- Features: Narrative literature consisting of sections of text connected by links; usually digital. A genre of electronic literature.

Related genres
- Electronic literature, Interactive fiction, Digital poetry, Generative literature, Cell phone novels, Instapoetry, Cybertext, Creepypasta, Fan fiction, Blog fiction

= Hypertext fiction =

Genre of electronic literature

Hypertext fiction is a genre of electronic literature characterized by the use of hypertext links that provide a new context for non-linearity in literature and reader interaction. The reader typically chooses links to move from one node of text to the next, and in this fashion arranges a story from a deeper pool of potential stories. Its spirit can also be seen in interactive fiction.
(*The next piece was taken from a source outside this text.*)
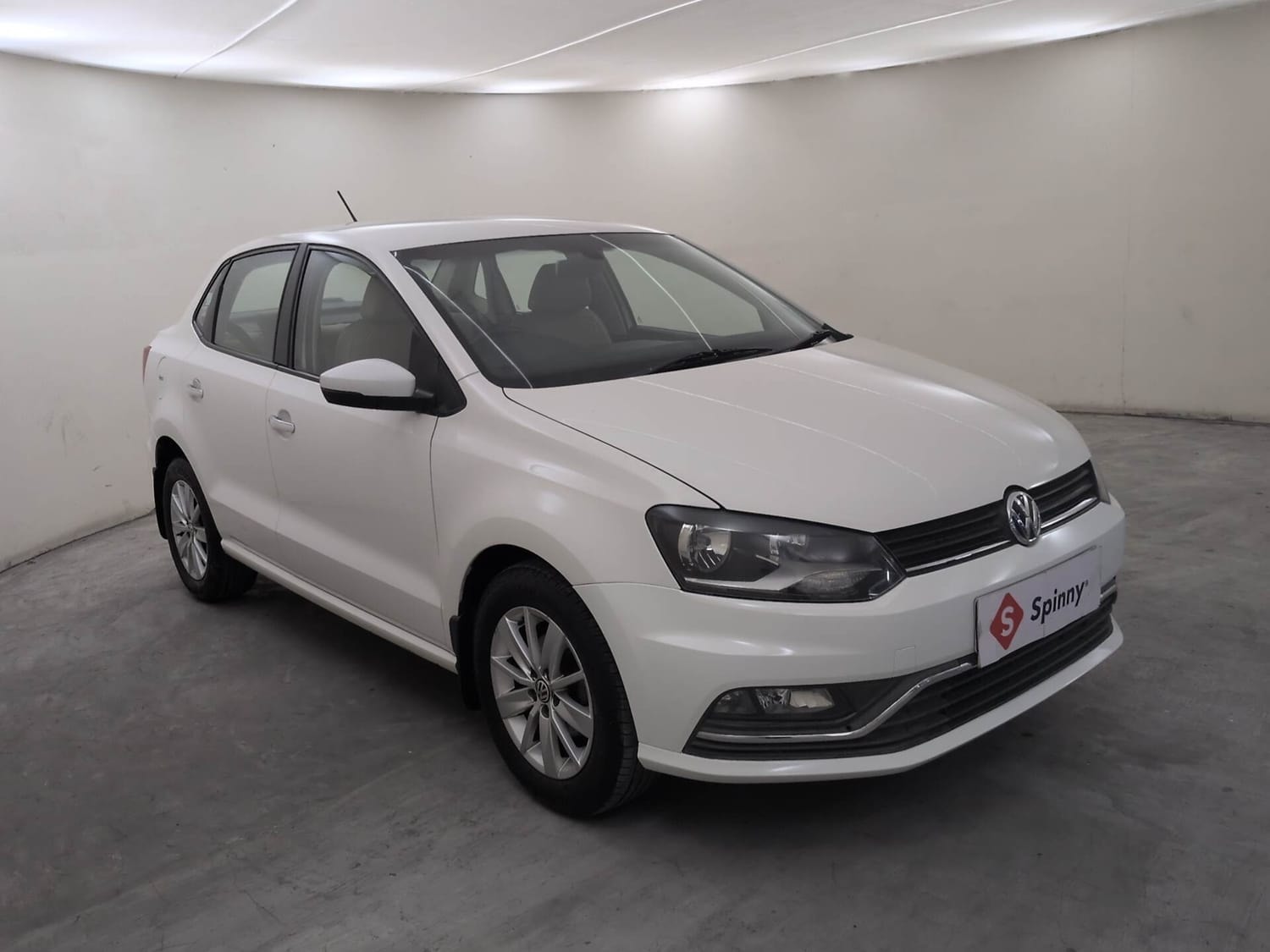 View 2016 Volkswagen Ameo 1.2L MPI Petrol Highline Image 7 Used 2016 Volkswagen Ameo 1.2L MPI Petrol Highline Image 7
The term can also be used to describe traditionally published books in which a nonlinear narrative and interactive narrative is achieved through internal references. James Joyce's Ulysses (1922), Enrique Jardiel Poncela's La Tournée de Dios (1932), Jorge Luis Borges' The Garden of Forking Paths (1941), Vladimir Nabokov's Pale Fire (1962), Julio Cortázar's Rayuela (1963; translated as Hopscotch), and Italo Calvino's The Castle of Crossed Destinies (1973) are early examples predating the word "hypertext", while a common pop-culture example is the Choose Your Own Adventure series in young adult fiction and other similar gamebooks, or Jason Shiga's Meanwhile, a graphic novel that allows readers to choose from a total of 3,856 possible linear narratives.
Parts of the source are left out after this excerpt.